WATERLOO — The Seneca County Board of Health is exploring the cost of fluoridating the county’s municipal water supplies.
“It’s very preliminary at this point,” said Vickie Swinehart, county public health director. “We’ve asked the county’s grant writer, Peter Brown, to see if there are grants out there for equipment and other startup costs and will go from there,” she said.
According to the minutes of the Jan. 20 Board of Health meeting, County Engineer Jason McCormick questioned the cost savings if the fluoridation system were removed from the water produced at the former Seneca Army Depot water treatment plant in Romulus, which serves the Romulus area. McCormick is in charge of the county’s takeover of administration of the county water district and two sewer districts from the Town of Romulus.
The water produced at the Romulus plant on Seneca Lake is the only fluoridated water system in the county. The villages of Seneca Falls, Waterloo and Ovid do not fluoridate their water. McCormick told the board in January that the cost saving of removing the fluoridation system would be negligible and it was decided that fluoridation equipment would remain in that water supply.
Fluoride is known to be a strong tooth decay prevention substance, but it has detractors who object to possible harmful effects on some who drink the water. Some call it “forced medication.”
Whether the topic comes up at the 4 p.m.
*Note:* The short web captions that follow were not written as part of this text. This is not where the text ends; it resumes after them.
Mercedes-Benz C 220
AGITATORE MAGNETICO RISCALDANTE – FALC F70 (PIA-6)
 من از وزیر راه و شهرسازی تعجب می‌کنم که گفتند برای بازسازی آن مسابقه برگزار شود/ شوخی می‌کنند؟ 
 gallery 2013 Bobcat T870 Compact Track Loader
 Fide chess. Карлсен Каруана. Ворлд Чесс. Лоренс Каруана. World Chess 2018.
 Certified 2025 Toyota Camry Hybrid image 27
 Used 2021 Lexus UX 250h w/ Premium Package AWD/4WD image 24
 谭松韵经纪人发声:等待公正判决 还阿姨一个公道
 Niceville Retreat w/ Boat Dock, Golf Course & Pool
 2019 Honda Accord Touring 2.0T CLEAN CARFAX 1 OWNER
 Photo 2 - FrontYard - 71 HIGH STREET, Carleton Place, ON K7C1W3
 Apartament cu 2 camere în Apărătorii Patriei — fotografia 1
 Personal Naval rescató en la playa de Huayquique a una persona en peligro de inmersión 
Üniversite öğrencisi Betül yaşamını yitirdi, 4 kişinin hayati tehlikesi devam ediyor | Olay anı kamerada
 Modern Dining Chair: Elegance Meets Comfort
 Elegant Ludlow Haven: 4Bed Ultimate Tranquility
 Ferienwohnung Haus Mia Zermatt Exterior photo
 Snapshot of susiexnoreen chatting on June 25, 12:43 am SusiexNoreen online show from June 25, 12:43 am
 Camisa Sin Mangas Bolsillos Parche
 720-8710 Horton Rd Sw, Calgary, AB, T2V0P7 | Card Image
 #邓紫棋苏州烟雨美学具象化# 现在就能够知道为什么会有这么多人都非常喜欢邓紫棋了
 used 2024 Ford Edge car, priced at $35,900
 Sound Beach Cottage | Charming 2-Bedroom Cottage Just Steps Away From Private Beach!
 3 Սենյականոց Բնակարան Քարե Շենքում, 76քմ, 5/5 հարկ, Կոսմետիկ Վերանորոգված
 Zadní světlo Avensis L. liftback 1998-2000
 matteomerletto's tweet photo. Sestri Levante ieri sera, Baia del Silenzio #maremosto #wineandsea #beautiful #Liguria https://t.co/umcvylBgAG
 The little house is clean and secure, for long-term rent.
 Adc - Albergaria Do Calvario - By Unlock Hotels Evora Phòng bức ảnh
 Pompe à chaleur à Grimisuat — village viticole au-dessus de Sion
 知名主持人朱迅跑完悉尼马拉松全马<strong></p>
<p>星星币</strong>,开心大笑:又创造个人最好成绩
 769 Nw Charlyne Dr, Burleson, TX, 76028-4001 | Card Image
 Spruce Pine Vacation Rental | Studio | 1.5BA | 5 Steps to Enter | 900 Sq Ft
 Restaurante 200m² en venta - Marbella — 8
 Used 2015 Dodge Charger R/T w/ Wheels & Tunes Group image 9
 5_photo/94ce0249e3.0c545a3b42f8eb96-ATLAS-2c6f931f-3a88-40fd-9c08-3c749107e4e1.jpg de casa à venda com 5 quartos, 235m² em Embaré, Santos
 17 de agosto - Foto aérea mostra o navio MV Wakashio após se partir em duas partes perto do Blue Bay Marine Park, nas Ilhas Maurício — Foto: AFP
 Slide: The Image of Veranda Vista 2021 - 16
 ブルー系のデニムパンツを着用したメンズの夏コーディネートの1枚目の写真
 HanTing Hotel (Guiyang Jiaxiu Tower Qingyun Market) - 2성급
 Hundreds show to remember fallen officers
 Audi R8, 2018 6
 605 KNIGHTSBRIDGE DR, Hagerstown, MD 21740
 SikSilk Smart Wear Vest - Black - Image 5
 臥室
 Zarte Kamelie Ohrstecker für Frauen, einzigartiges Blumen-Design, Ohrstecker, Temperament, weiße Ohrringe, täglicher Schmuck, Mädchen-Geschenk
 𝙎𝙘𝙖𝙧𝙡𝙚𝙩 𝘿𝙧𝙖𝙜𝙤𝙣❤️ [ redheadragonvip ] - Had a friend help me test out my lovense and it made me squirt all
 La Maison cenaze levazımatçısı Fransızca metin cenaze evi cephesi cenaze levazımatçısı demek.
Feb. 17 Board of Health meeting depends on what Brown’s efforts produce, Swinehart said.
“We realize there are pros and cons on both sides of the issue that will be studied before we make any decision,” Swinehart said. “Personally, I feel the pros outweigh the cons,” she added.
If the board decides to promote fluoridation, the issue will be brought to the public health committee of the Board of Supervisors. Swinehart said the county takeover of the water and sewer districts and the talk of a countywide water authority make fluoridation a countywide issue.
The five-member Board of Health meets in the conference room of the Public Health Department, 31 Thurber Drive.